El director Rodrigo Cortés vuelve sobre el asunto con una película desigual y pretenciosa que no acaba de ser ni chicha ni limonada. Navega a dos aguas entre el terror y la fantasía científica sin decidirse por lo uno o lo otro, y no se juega a ponerse a favor de la ciencia ni a favor de la creencia, aunque eso le habría supuesto la ventaja de reforzar la línea argumental en una dirección o en la otra. La rotunda “Buried” que le precede en su producción de niño prodigio (este gallego empezó a hacer sus cortos a los 16 años) no le ayuda y posiblemente uno esperaba más y más, y recibe menos. Algunos recursos como los numerosos chisporroteos resultan de poco peso, y la toma con los periodistas en hilera dando explicaciones fragmentarias como si hicieran las veces de un relator en off es muy pobre. La pelea en el baño y el terremoto en el teatro caen como caprichos del director sin anclaje real en el clima de fondo de la película. Con muchos menos elementos y cuarenta años antes, ya todos sabemos por qué “El exorcista”, de William Friedkin, generó un clásico de todos los tiempos. Su línea argumental era solamente una, pero potentísima: Friedkin no se debatía para decir si existen dios y el diablo, sino que dedicaba su cinta a mostrar cómo luchaban en el cuerpo de una niña a la que convertían en su campo de batalla mientras era el espectador quien se ponía a un lado u otro de la diatriba riéndose de nervios o con los pelos de punta. En “Cisne negro” nadie discute si la obsesión de Natalie Portman bailando es buena o mala: es un hecho, y solemne se constituye en el eje de la trama.
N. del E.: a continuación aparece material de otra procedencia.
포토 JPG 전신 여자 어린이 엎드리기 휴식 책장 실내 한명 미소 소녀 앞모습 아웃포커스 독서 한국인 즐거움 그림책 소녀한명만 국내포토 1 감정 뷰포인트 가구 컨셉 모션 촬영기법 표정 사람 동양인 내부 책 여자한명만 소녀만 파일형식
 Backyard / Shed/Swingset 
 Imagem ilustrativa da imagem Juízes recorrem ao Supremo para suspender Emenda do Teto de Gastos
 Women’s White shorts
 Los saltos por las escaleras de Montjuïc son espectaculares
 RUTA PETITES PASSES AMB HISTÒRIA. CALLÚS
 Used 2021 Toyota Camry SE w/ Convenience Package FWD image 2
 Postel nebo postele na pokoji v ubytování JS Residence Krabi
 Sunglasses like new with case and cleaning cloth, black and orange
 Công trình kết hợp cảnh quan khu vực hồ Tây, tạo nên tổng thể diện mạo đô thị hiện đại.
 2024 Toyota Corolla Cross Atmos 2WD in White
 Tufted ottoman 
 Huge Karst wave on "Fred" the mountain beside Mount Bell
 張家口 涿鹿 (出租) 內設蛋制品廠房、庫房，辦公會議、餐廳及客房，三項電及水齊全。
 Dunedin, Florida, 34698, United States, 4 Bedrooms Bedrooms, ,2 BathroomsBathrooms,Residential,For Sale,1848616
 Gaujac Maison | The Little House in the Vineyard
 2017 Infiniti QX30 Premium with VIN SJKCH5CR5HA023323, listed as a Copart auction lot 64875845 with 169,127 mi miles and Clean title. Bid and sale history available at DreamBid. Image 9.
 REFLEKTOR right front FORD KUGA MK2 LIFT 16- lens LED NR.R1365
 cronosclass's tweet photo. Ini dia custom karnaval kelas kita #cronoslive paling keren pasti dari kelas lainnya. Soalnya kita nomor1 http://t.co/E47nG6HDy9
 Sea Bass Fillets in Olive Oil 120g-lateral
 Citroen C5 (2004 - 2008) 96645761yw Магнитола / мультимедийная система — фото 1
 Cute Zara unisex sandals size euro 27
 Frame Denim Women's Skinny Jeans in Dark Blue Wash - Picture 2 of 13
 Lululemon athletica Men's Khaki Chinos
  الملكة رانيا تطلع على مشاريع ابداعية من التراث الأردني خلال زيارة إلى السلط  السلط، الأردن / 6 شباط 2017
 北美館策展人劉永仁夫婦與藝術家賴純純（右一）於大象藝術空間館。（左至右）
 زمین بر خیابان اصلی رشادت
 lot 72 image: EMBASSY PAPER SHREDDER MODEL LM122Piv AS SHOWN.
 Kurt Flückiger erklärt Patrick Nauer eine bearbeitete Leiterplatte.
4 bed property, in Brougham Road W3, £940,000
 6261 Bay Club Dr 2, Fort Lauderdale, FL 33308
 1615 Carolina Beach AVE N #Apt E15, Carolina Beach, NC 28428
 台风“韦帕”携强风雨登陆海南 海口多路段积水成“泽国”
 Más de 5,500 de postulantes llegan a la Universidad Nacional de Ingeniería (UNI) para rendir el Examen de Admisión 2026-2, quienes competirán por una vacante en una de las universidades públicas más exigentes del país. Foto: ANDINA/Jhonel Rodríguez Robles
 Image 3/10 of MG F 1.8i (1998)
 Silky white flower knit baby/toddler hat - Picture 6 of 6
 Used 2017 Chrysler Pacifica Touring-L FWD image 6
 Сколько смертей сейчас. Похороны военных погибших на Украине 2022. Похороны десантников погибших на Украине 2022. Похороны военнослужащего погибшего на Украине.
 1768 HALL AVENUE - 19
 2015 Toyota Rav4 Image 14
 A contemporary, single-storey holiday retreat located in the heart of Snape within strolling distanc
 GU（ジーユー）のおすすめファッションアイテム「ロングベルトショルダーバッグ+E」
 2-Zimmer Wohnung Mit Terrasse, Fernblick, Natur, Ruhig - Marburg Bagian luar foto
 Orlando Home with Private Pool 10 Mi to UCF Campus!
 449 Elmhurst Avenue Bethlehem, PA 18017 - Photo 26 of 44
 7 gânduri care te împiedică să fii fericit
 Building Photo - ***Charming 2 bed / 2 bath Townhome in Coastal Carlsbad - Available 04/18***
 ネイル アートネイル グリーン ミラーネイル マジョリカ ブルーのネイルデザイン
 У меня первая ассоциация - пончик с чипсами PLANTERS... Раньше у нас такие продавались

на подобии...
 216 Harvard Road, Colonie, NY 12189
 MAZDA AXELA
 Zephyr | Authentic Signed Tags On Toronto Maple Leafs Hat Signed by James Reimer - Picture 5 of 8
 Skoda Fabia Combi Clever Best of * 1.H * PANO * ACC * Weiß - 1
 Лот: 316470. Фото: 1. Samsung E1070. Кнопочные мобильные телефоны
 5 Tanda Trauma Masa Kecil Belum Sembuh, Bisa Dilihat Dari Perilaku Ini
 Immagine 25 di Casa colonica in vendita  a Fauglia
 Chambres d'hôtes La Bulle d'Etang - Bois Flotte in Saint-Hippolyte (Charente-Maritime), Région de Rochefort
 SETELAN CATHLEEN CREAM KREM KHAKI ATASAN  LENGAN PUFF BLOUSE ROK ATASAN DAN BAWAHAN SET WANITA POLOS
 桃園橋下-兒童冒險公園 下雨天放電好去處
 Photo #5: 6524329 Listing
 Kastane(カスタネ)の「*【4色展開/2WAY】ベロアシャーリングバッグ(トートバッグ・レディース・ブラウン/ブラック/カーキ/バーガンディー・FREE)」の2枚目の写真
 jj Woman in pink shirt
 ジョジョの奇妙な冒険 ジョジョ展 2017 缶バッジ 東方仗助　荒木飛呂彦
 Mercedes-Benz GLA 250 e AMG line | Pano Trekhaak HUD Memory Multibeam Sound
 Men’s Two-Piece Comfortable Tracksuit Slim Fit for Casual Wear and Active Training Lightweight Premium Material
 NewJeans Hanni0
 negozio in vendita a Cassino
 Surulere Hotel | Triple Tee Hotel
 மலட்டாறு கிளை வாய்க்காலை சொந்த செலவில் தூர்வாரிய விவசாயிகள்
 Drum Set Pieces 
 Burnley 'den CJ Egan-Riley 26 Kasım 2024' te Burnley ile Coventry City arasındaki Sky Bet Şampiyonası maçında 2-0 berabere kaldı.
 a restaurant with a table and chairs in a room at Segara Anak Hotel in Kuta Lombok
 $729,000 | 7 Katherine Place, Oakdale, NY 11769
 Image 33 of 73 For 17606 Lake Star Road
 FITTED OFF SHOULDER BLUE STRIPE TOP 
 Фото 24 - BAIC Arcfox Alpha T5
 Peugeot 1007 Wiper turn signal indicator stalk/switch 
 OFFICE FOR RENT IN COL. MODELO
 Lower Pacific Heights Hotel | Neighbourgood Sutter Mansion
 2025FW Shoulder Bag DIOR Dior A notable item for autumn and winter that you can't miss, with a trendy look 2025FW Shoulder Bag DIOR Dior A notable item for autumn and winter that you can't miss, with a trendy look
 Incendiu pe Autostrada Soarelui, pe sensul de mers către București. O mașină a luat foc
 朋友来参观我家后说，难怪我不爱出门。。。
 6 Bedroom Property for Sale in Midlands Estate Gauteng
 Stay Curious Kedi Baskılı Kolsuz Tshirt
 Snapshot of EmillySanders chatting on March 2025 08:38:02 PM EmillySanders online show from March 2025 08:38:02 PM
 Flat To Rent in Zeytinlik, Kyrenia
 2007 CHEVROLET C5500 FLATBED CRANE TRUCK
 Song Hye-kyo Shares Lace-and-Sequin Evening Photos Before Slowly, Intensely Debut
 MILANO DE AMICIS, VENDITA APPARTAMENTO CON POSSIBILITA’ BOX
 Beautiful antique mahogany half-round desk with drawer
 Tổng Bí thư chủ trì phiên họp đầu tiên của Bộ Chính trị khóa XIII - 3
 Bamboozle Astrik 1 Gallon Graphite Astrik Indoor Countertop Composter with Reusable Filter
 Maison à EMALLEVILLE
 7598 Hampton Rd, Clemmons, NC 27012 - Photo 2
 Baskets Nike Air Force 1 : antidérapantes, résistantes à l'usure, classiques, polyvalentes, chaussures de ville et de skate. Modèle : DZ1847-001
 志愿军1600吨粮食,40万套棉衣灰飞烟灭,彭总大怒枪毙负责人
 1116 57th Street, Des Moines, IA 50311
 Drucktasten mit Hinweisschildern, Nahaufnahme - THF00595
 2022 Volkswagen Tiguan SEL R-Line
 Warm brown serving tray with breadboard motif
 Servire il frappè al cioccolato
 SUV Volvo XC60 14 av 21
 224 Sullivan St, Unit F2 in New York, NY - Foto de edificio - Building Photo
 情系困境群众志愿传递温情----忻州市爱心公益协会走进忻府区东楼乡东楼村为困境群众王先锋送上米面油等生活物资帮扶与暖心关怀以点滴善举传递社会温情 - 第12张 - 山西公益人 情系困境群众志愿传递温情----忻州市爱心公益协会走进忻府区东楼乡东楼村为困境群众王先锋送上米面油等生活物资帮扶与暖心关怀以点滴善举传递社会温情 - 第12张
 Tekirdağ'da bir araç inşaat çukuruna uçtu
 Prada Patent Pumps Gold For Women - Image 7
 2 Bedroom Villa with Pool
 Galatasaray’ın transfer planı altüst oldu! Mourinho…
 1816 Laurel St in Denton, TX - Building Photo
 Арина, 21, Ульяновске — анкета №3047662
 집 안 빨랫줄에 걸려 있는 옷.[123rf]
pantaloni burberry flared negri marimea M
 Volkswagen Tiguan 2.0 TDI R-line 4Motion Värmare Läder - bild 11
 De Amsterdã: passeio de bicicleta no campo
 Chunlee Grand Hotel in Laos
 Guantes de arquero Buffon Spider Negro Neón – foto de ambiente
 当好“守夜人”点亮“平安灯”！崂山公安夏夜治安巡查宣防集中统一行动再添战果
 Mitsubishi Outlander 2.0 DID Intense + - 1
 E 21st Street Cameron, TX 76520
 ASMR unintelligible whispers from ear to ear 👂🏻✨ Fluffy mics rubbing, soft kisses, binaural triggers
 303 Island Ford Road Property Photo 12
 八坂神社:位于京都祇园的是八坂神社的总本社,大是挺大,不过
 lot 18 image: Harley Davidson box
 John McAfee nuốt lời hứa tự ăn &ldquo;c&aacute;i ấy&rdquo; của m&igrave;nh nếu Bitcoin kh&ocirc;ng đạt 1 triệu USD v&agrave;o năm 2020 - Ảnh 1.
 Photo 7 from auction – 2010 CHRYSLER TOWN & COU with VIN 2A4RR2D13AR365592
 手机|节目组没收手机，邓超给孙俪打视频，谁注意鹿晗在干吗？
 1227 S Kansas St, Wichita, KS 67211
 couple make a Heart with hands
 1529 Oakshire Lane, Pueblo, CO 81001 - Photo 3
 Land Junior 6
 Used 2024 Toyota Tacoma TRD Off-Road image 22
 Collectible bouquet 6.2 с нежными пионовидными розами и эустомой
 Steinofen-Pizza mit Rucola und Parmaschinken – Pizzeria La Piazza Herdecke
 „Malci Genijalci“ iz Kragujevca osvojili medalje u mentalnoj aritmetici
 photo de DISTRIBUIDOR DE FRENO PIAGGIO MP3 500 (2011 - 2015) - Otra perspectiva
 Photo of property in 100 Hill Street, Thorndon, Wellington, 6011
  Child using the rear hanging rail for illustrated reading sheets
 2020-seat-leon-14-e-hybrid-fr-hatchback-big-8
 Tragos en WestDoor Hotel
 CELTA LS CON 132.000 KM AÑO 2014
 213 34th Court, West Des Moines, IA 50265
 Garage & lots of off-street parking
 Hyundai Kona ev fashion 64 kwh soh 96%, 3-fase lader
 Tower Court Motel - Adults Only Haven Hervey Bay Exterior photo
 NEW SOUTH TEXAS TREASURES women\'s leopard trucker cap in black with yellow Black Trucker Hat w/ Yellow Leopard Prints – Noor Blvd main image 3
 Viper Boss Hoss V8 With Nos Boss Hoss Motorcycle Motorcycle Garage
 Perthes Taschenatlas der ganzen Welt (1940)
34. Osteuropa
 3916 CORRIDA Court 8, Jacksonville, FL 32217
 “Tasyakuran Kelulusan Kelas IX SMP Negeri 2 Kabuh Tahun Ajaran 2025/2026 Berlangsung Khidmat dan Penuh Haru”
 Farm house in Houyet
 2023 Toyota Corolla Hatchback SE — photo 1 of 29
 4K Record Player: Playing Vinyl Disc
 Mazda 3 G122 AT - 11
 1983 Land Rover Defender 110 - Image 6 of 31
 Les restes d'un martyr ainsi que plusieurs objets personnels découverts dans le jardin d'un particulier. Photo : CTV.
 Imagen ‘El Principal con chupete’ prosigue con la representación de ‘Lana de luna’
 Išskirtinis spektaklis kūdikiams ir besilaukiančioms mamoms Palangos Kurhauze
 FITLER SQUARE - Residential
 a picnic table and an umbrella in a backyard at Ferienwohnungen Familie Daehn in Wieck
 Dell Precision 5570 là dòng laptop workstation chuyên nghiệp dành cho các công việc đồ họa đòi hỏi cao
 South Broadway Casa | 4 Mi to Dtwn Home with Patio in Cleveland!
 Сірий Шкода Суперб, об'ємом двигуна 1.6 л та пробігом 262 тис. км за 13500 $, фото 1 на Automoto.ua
En “Luces rojas”, el parapsicólogo Silver no cae en la tentación de las chapuzas de santón. El glamour de sus ayudantes (con Joely Richardson, hija real de Vanessa Redgrave, entre sus acólitos), y algunas entrevistas periodísticas (simuladas en la película en la línea de una Oprah Winfrey) le dan un aura de prestigio. El argentino Leonardo Sbaraglia interpreta a otro mentalista llamado Palladino al que finalmente descubren plenamente en su fraude. Pero en el caso de Silver eso no está claro, como tampoco está claro en el guión el objeto de Buckley y su obsesión, que estalla magullado en un debate final abierto en el teatro en que Silver presenta su espectáculo y que deja a todos, eso: boquiabiertos, y sin respuestas. Estaba planteado como un enfrentamiento pero al final, acaba en tablas. Lo dicho: ni chicha, ni limonada.
Luces rojas / Red Lights, de Rodrigo Cortés
Director: Rodrigo Cortés; con Sigourney Weaver, Cillian Murphy, Robert de Niro, Elizabeth Olsen, Joely Richardson. España-Estados Unidos. 2012.